Ärger mit Rechnungen und Verträgen: Aus für Gratis-Beratung in SH
Seit Januar bietet die Verbraucherzentrale kostenlose Beratungen für Menschen mit wenig Geld an - zum Beispiel zu Handyverträgen. Doch das Projekt soll trotz großer Nachfrage nun enden.
Mit einer großen Tüte voller Vertragsunterlagen, Rechnungen, SIM-Karten sowie einem mobilen WLAN-Hotspot betritt Xenia (Name von der Redaktion geändert) die offene Sprechstunde der Verbraucherzentrale am Vinetaplatz in Kiel-Gaarden. Die Ukrainerin spricht kein deutsch und ist angesichts der hohen Beträge, die ein Mobilfunkanbieter von ihr haben möchte, verzweifelt. Xenia lebt seit etwa zwei Jahren in einer Kieler Unterkunft für Geflüchtete. Vor einigen Wochen, so erzählt sie, sei sie in die Innenstadt gefahren, um sich ein Handy zu kaufen.
Zwei Mobilfunkverträge abgeschlossen, ohne es zu wissen
In einem Mobilfunk-Geschäft in der Nähe des Kieler Hauptbahnhofs habe sie sich hauptsächlich durch Gesten mit dem Verkäufer verständigt, unter anderem habe sie auf ein Smartphone gezeigt. Im Geschäft habe Sie die Vertragsunterlagen unterschrieben - allerdings nicht für einen, sondern gleich für zwei Mobilfunkverträge. Und nun liegen alle Briefe des Anbieters auf dem Tisch von Tina Zymni, der Beraterin der Verbraucherzentrale. Die Rechnungen summieren sich auf mehrere hundert Euro. Zu viel für Xenia.

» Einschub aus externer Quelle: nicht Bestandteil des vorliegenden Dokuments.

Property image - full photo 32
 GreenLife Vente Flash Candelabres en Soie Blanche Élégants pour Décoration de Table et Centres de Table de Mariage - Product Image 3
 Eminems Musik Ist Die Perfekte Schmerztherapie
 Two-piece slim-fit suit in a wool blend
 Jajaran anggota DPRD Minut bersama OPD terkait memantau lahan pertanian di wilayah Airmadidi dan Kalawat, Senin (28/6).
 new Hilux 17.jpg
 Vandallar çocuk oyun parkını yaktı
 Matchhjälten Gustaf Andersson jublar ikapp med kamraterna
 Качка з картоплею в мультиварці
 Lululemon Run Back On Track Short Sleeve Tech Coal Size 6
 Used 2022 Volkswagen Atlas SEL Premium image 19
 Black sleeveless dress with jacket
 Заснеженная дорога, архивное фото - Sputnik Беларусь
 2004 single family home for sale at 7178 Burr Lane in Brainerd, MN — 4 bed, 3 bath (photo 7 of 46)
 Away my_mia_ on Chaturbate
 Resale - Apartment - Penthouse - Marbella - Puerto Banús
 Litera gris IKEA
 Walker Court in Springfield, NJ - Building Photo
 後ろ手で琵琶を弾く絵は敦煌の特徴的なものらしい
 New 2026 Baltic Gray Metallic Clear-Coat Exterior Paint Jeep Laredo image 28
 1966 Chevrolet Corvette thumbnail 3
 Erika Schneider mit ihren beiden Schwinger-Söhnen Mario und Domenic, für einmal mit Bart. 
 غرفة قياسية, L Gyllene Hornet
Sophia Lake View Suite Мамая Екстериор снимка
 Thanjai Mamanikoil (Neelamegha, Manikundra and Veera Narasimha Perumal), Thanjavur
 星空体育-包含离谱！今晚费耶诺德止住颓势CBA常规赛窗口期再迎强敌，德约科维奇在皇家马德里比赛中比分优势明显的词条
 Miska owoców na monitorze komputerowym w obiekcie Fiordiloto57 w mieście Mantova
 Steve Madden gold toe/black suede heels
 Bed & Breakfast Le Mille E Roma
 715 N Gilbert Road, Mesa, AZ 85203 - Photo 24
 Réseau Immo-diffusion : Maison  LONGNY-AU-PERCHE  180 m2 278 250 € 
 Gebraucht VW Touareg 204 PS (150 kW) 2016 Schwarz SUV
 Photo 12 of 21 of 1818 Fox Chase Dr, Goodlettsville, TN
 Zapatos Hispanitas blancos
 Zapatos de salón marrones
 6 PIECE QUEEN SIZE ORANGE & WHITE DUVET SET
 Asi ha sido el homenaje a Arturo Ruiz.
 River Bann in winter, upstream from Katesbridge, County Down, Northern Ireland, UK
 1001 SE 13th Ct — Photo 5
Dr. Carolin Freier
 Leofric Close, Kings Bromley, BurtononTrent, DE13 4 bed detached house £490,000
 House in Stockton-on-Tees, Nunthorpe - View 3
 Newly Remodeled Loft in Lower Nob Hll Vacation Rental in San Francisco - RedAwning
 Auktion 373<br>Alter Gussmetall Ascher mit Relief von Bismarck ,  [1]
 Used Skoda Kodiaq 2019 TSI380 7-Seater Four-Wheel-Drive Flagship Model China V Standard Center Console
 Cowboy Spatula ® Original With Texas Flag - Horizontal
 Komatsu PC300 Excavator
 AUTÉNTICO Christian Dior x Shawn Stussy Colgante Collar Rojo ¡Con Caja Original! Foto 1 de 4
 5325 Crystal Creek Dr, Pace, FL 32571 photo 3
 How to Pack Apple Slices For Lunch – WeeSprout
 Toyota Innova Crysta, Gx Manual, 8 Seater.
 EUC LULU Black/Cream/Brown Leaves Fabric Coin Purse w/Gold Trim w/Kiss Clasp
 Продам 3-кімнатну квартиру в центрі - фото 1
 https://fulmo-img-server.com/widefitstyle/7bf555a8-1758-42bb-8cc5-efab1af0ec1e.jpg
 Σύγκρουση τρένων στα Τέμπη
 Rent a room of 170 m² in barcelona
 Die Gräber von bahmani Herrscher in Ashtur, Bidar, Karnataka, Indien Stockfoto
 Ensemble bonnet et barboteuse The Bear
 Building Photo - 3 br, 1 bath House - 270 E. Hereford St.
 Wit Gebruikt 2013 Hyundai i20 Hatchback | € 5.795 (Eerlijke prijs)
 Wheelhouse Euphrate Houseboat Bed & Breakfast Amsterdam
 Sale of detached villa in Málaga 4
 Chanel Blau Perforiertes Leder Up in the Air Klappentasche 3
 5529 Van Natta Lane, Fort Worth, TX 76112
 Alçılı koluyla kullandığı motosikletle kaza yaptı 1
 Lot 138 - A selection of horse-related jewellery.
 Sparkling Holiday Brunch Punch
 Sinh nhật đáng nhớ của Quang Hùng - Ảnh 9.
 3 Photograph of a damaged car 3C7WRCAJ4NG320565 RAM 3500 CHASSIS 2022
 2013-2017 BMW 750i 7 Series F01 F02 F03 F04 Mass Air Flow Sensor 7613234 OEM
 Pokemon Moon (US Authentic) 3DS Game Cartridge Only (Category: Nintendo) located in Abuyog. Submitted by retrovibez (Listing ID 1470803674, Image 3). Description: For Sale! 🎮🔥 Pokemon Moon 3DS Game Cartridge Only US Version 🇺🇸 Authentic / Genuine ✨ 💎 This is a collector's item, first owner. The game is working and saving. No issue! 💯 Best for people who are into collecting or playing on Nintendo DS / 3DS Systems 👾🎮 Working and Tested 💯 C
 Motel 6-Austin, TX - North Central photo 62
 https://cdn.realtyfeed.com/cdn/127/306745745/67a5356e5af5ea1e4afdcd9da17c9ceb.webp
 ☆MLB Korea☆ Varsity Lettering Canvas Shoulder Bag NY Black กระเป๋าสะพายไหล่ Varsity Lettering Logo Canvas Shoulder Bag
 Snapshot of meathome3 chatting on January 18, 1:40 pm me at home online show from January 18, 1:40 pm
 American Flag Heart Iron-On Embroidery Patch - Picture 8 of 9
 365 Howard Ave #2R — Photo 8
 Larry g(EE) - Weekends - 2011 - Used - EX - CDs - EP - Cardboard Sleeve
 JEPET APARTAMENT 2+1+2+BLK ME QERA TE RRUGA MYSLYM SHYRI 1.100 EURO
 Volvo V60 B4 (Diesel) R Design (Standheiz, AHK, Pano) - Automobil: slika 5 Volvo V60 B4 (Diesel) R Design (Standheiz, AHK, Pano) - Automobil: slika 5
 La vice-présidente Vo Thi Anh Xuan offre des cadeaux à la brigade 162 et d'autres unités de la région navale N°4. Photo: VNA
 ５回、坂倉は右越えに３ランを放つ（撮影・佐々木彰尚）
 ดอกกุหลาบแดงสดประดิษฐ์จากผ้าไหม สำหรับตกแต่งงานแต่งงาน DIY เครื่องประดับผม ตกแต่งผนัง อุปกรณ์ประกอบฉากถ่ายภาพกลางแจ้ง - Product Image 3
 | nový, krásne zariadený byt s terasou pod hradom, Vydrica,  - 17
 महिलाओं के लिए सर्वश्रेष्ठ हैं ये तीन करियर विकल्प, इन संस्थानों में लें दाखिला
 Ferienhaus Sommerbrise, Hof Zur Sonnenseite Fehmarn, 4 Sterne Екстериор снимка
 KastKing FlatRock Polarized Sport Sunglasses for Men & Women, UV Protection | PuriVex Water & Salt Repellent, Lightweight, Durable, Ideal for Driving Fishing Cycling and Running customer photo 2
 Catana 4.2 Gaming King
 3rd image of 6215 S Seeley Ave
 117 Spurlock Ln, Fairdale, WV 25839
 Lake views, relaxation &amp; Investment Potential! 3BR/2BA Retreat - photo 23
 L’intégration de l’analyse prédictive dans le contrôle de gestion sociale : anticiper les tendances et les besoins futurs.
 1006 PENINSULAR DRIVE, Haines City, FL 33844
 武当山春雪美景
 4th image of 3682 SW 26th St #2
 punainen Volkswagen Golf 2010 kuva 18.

Hoher Beratungsbedarf bei Handyverträgen, Versandhandel und Energie
Von Januar bis September 2024 haben laut Verbraucherzentrale mehr als 6.200 Personen Angebote der Quartiersarbeit genutzt. Die Menschen kommen in die offenen Sprechstunden, die mindestens einmal wöchentlich in Kiel, Flensburg, Neumünster, Lübeck, Heide (Kreis Dithmarschen) und Norderstedt (Kreis Segeberg) stattfinden. Neben den Sprechstunden besteht die Quartiersarbeit auch aus Vorträgen und Workshops. Meist haben die Hilfesuchenden Probleme bei den Themen Mobilfunk, Online-Shopping und Energie wie Strom und Wärme, so Stephan Göhrmann, Sprecher der Verbraucherzentrale Schleswig-Holstein.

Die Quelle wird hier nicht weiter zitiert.